Think about it. Backup software, by definition:
- Controls copy creation (including array snapshot creation and replication, in some solutions)
- Has agents on hosts that typically have 100% access to all data – including complete permission to overwrite all data. How do you think restores happen? 🙂
So, the backup admin could easily do the following:
- Delete all the array snaps (if using the backup software to orchestrate the snaps) – even though they’re not the array admin!
- Ensure all tapes (if using tapes) for that month are recalled and wiped (so much for putting stuff on a totally different medium).

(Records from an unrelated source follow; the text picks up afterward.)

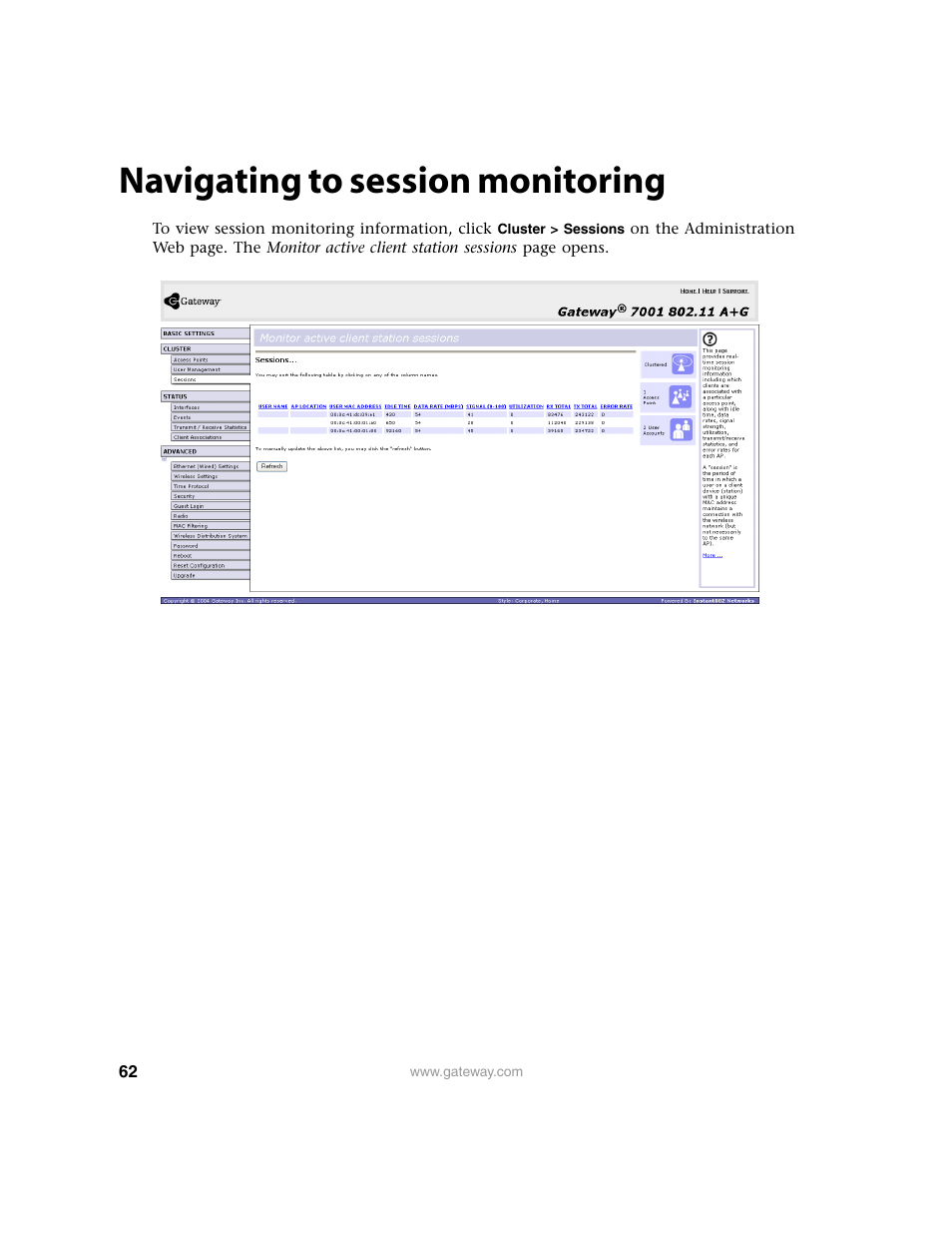 Navigating to session monitoring | Gateway 7001 Series User Manual | Page 67 / 218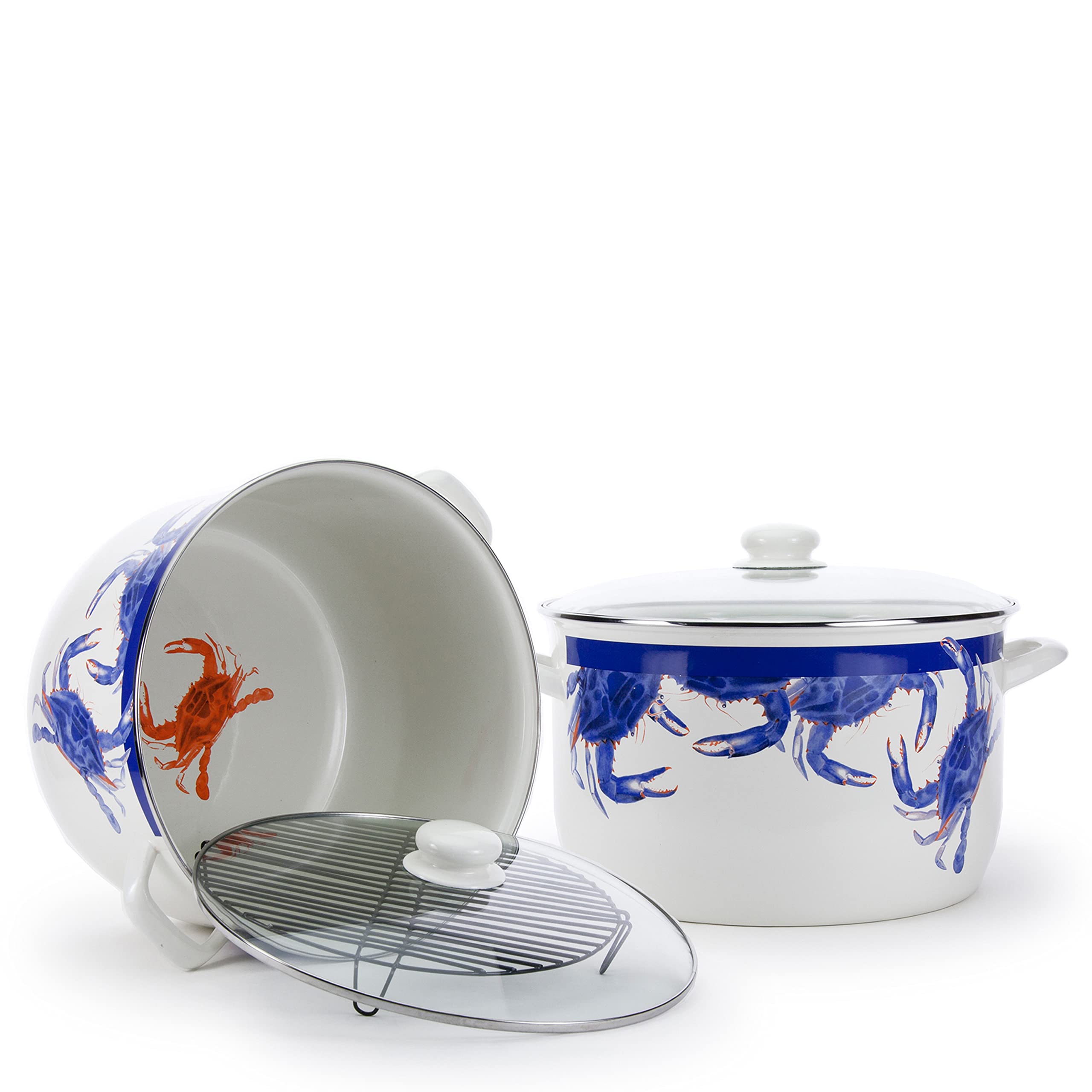 Golden Rabbit Enamelware - Crab House Pattern - 18Qt Stock Pot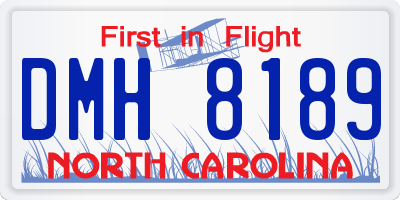 NC license plate DMH8189
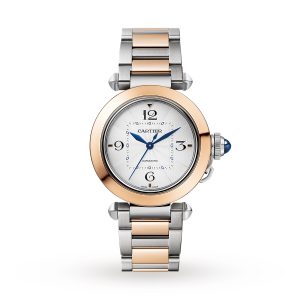 Cartier Pasha de Cartier 35 mm automatic movement 18K rose gold and steel interchangeable metal and leather straps W2PA0008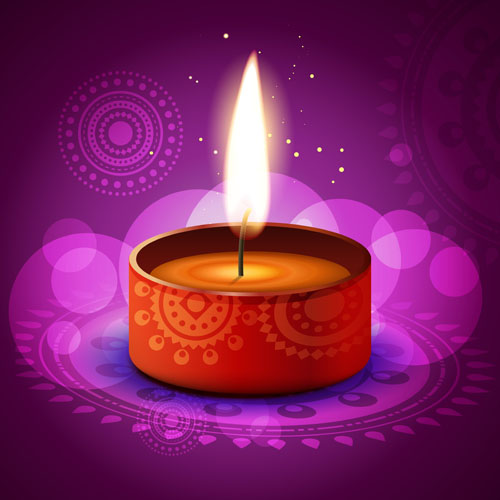Burning candles vector background art 02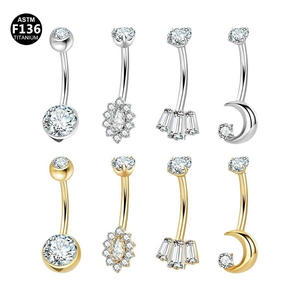 Gaby Astm F136 Titanium Buik Ringen Interne Draad G23 Titanium Lange Bar Navel Piercing Groothandel Navel Ring Piercing Sieraden - Product Image 1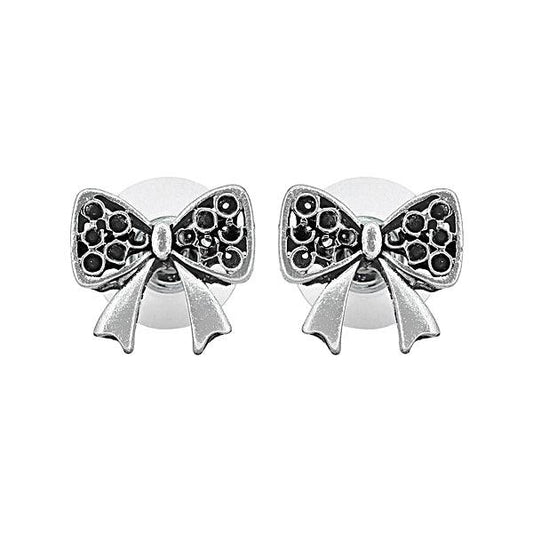 Bow shaped trendy ear studs in German Silver - The Fineworld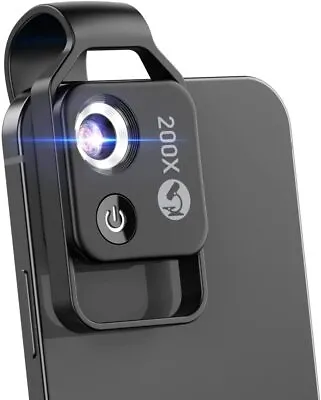Buy 200X Magnification Phone Microscope LED Light Microscope Phone Lens Universal • 20.49$
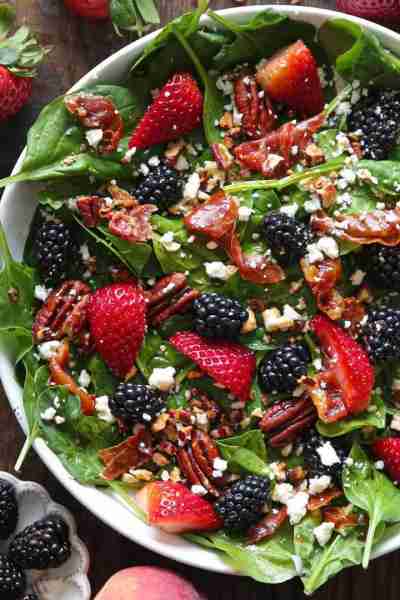 Berry Spinach Salad with Strawberries, Blackberries, Pecans, Feta, Prosciutto (or Bacon), and Balsam...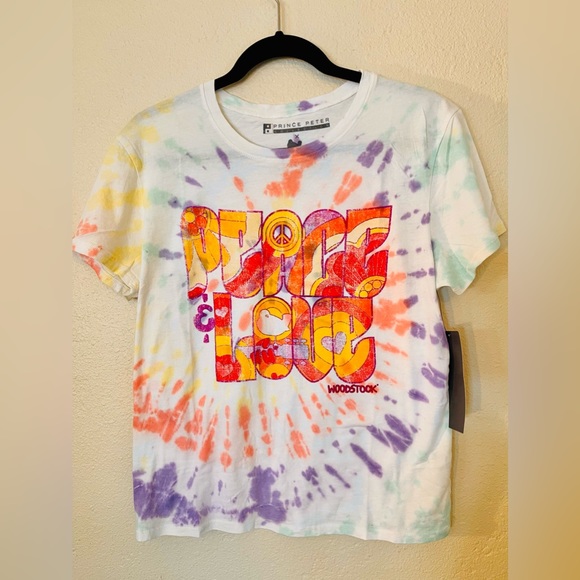 Prince Peter Collection x Woodstock Peace & Love Tie Dye Graphic Tee NWT - Picture 8 of 11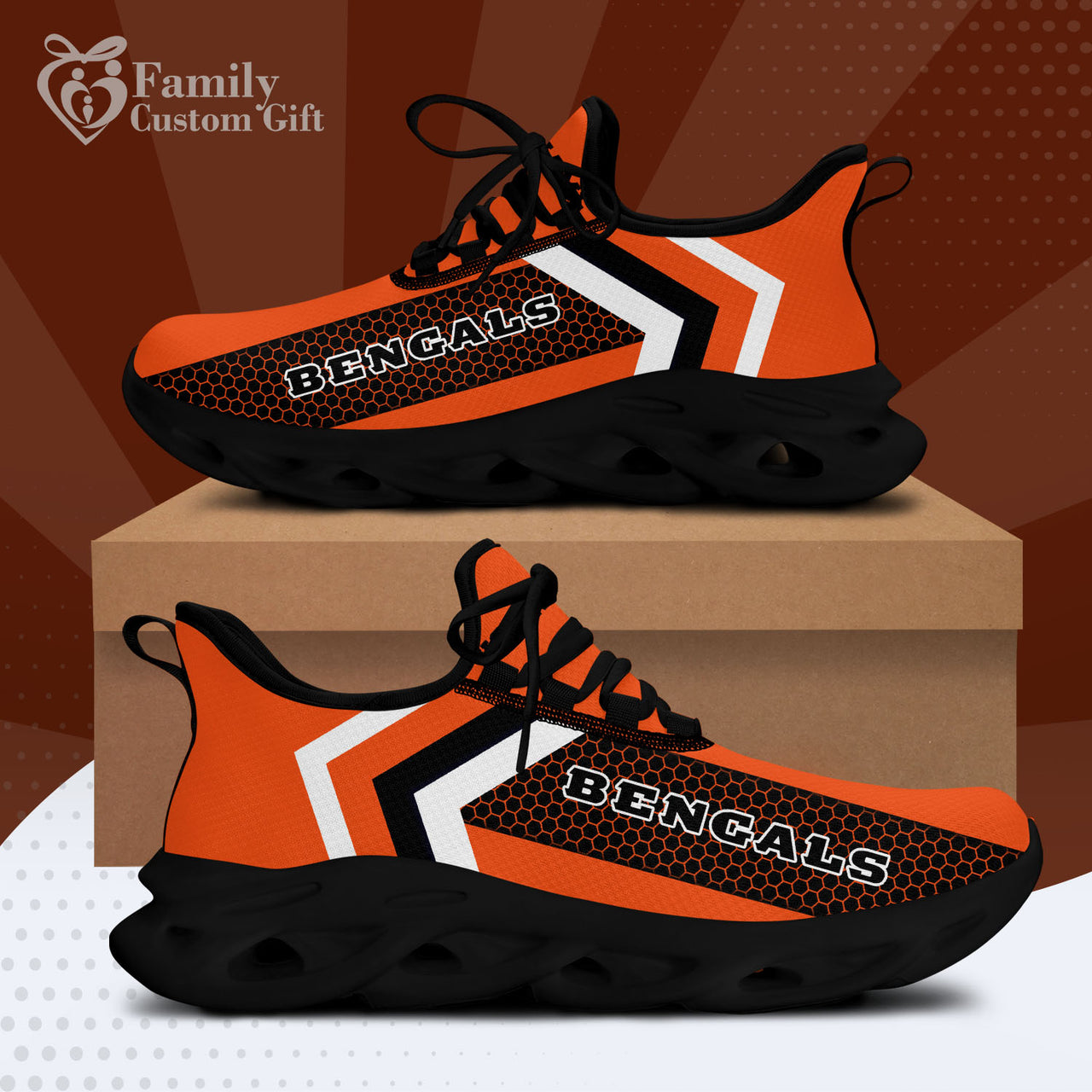 Cincinnati Football Bengals Personalized Max Soul Sneakers Running Sport Shoes for Men Women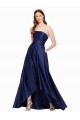 Discount Sleeveless Dark Navy Low Back A-Line Strapless High Low Prom Dress Canada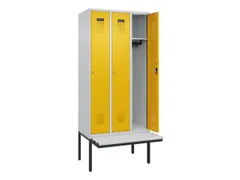 locker met bank,HxBxD 2120x900x815mm,3vak,vak B 300mm,cilinderslot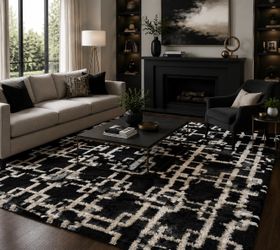 8x10 Area Rugs carpet rugs shaggy super shaggy thick modern design colors black white
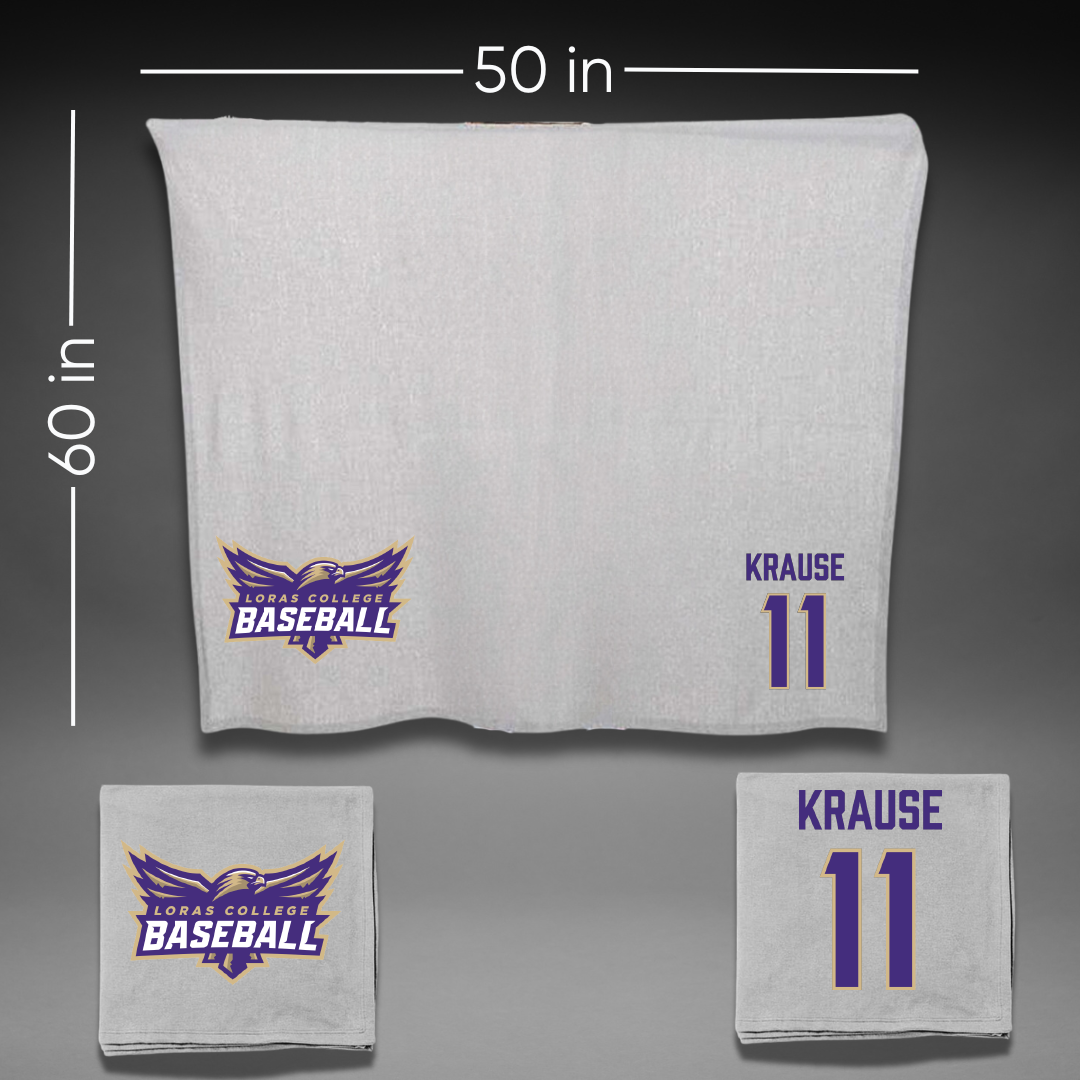 Loras College Baseball Gray Blanket - #11 Andrew Krause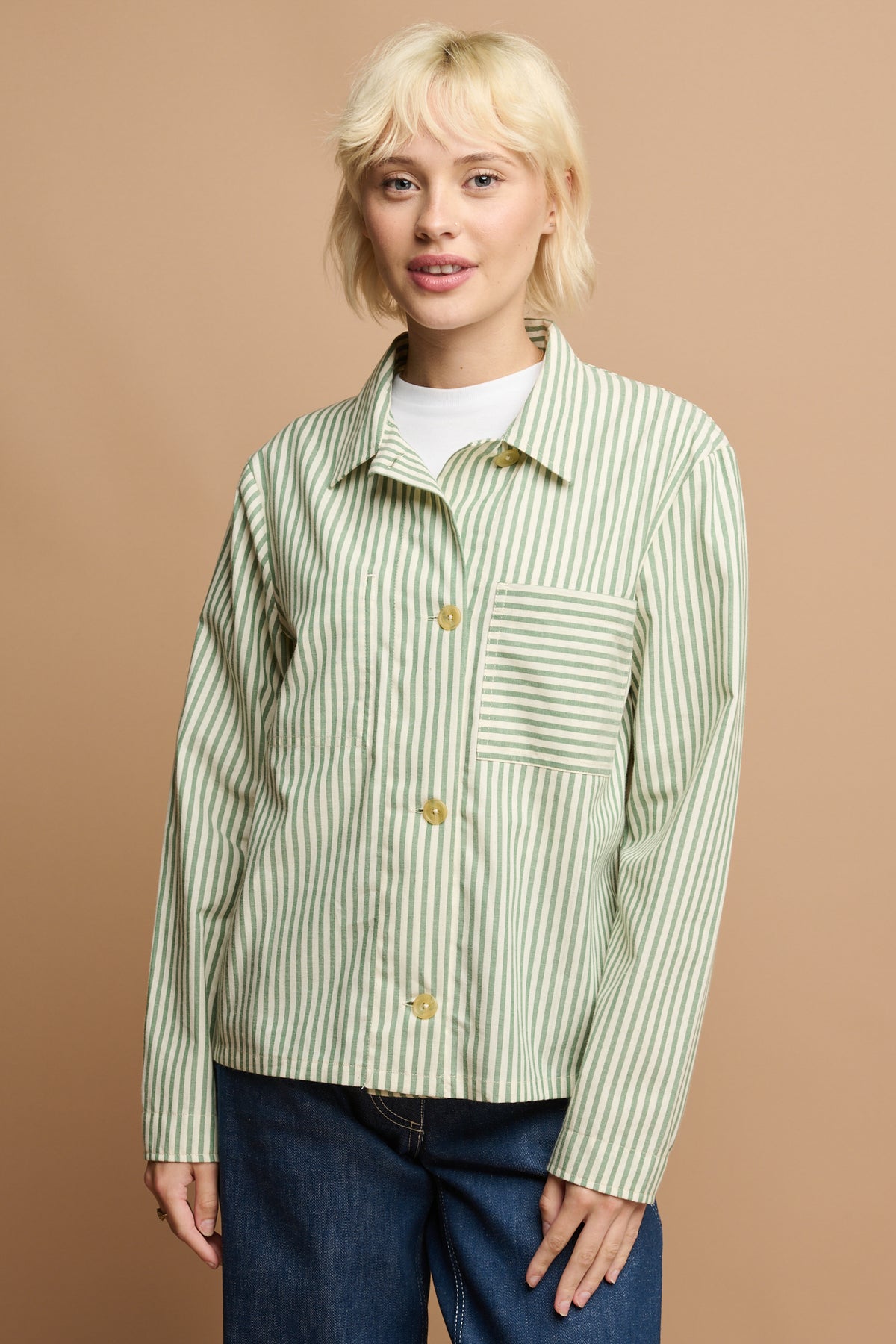 
            The Quarry Bank Women&#39;s Elena Stripe Overshirt - Green/White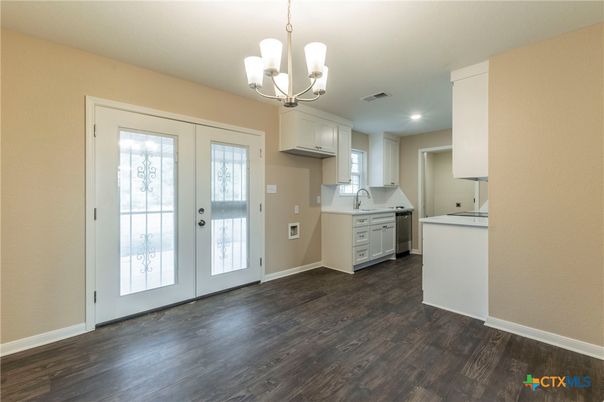 Chandelier, Interior, Kitchen, Recessed Lighting, Wood Texture Flooring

- Use the backup agents to totally wipe all servers.
- Wipe the backup server DB and all its copies.
- <BONUS ROUND> Make a copy of sensitive data to hold ransom – after all, that person has access to all servers. No need for an admin password (domain admins, you really thought your security was a match for the 100% access rights of backup agents?)
Presto – all of a sudden, all current data and all tape backups for the last month, and all snaps, gone forever.
How would you recover from this? What would such data loss mean for your company?
Certain key personnel needs to go through an extreme background check
Start considering storage and backup admins as worthy of the most extreme scrutiny. Oh, and the same for whoever has the cloud credentials… 🙂
Have at least one copy of data 100% inaccessible to admins
This is the era of ransomware and worse. Think of some of the following ideas:
- If using tape, use two different offsite tape storage companies, and only allow the admins access to one. Only the CEO should be able to recall media from the other one.
- Use 3 sites, not 2. One site should be much further away. A different continent is ideal, and, perhaps in the future, in geostationary orbit.
- If not using tape, have a completely separate team responsible for an extra copy of data to a tertiary datacenter. The array in that location should not be accessible by any of the admins of the 2 other sites. The copy should be generated by a different method – not your usual backup software nor your array replication mechanism. The usual admins should not have access to that extra replication mechanism – ideally, they should be oblivious to it. Not easy to pull off.
- Consider tape in addition to everything else, if you are not using it today. Everyone is hating on tape, but it has its place.
- Consider true WORM solutions (something that can’t be bypassed).
I could keep going. You get the point.
Maybe a new “golden standard”? 4-3-3-3-1?
- 4 copies of data
- in 3 locations
- managed by 3 totally different copy creation systems
- managed by 3 different teams that have zero overlapping power with each other
- with 1 copy being completely inaccessible to almost everyone in the company
The sky is the limit!
And for the 100% cloud fans, this means using AWS, Azure and Google cloud at the same time (there are your 3 “locations”).
Beware of being too paranoid
At some point, you hit the law of diminishing returns. Ask yourself some questions:
- What are you really prepared to pay for?
- What is all this paranoia costing you, in both money and lost agility?
- Are you addressing the failure modes in order of decreasing likelihood, or are you going for the most extreme scenario first?
- Are you trusting the right people?
- Why are your admins after you? Some solutions don’t need technology…
This post has made me a bit nostalgic – I used to have tons of tape libraries that you could literally take a walk in. Nothing wrong with that.